My one childhood memory that hinted at the joys of cooking with fresh food was Thanksgiving. My father put on the apron and made the turkey stuffing from scratch. Whenever I smell onions and sage frying in a pan of sizzling butter, I remember cutting the bread into cubes for Daddy as he sauteed the seasonings. My father would have loved the blossoming of the home gourmet cook; he was very creative, making meatloaf in funny shapes to entertain us.
I realize I’m not giving my mother enough credit. She created lovely dinner parties, but usually with the same menu: beef tenderloin and meringue with fruit and ice cream for dessert (which I now know is a pavlova). She relied on the Joy of Cooking and a few service organization cookbooks. She once joked that because she skipped kindergarten, she had no interest or skill at cooking, sewing, and other hands-on domestic activities. Her career would take her in a more intellectual direction to museums and libraries.
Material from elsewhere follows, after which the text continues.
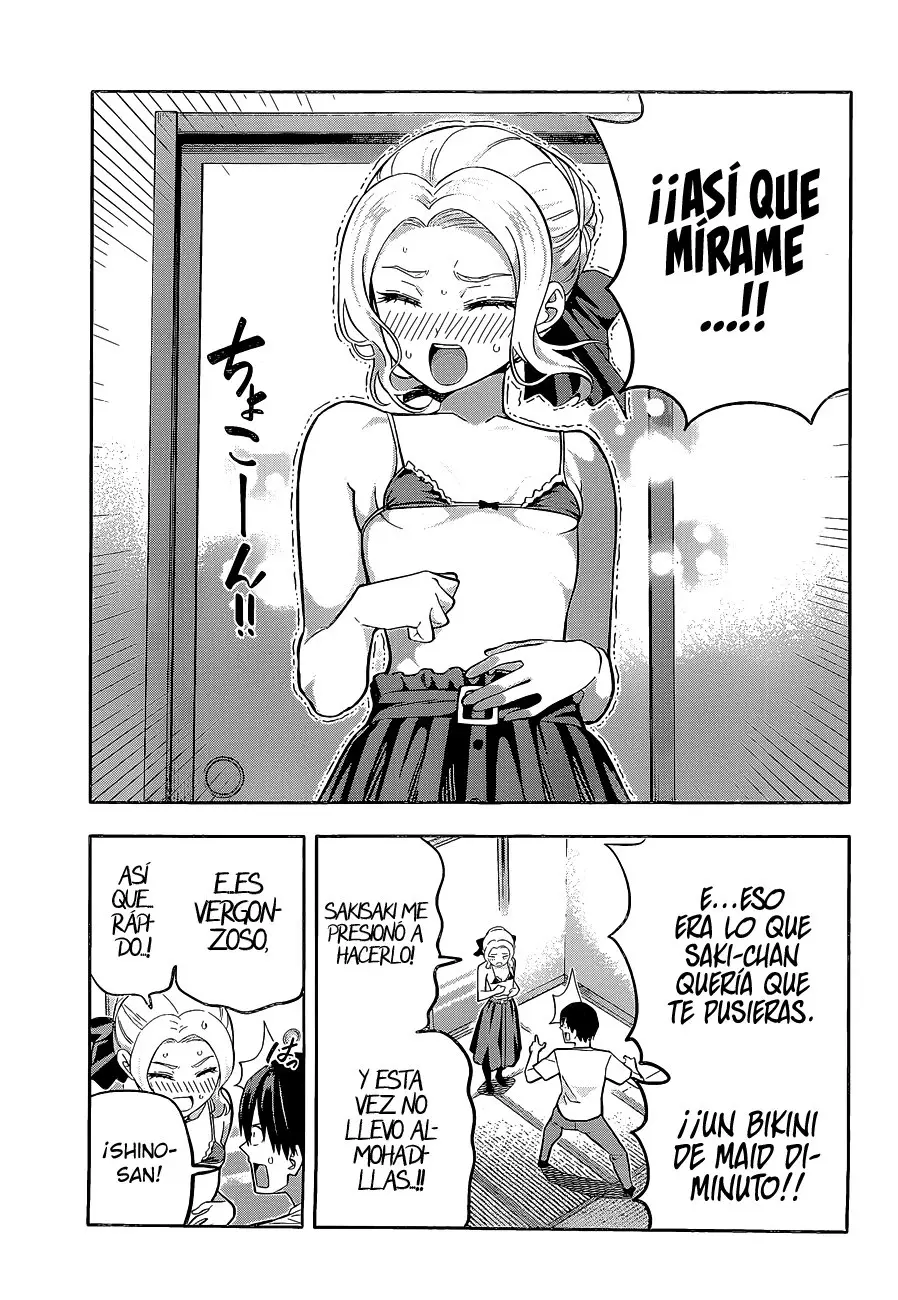 Kanojo mo Kanojo capítulo 102, página 14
My own interest in cooking was certainly there, and I decided to pursue my Girl Scout cooking badge. This was the beginning of my discovery that mistakes could be hidden or remedied (more about that later)! To get the badge, one needed to prepare a meal for one’s family. I decided on hamburgers, one of the few things I had learned to make. My parents and sister were waiting in the dining room. I dutifully lifted the burgers from the frying pan onto a plate. As I walked toward the door, I apparently tilted the plate and the burgers slipped to the floor (fortunately we had no open floor plan!)! Without missing a beat, I picked them up, opened the door, and proudly carried them into the dining room. No one ever knew, and I got my badge.
I remained basically culinarily ignorant through college. Freshman year, I was discussing food with a sophisticated New York classmate and mentioned how much I liked “coq de vin.” She icily responded, “It’s coq au vin.” Ouch. I was determined to improve my knowledge of French cuisine. My chance came when working in Washington DC; Julia Child and her WGBH television show appeared on my radar screen. She was compelling! I began trying her recipes. For my first dinner cooked for my later-fiancé Tobin, I made Julia’s Beef Bourguignon recipe, made famous more recently in the Julie and Julia movie.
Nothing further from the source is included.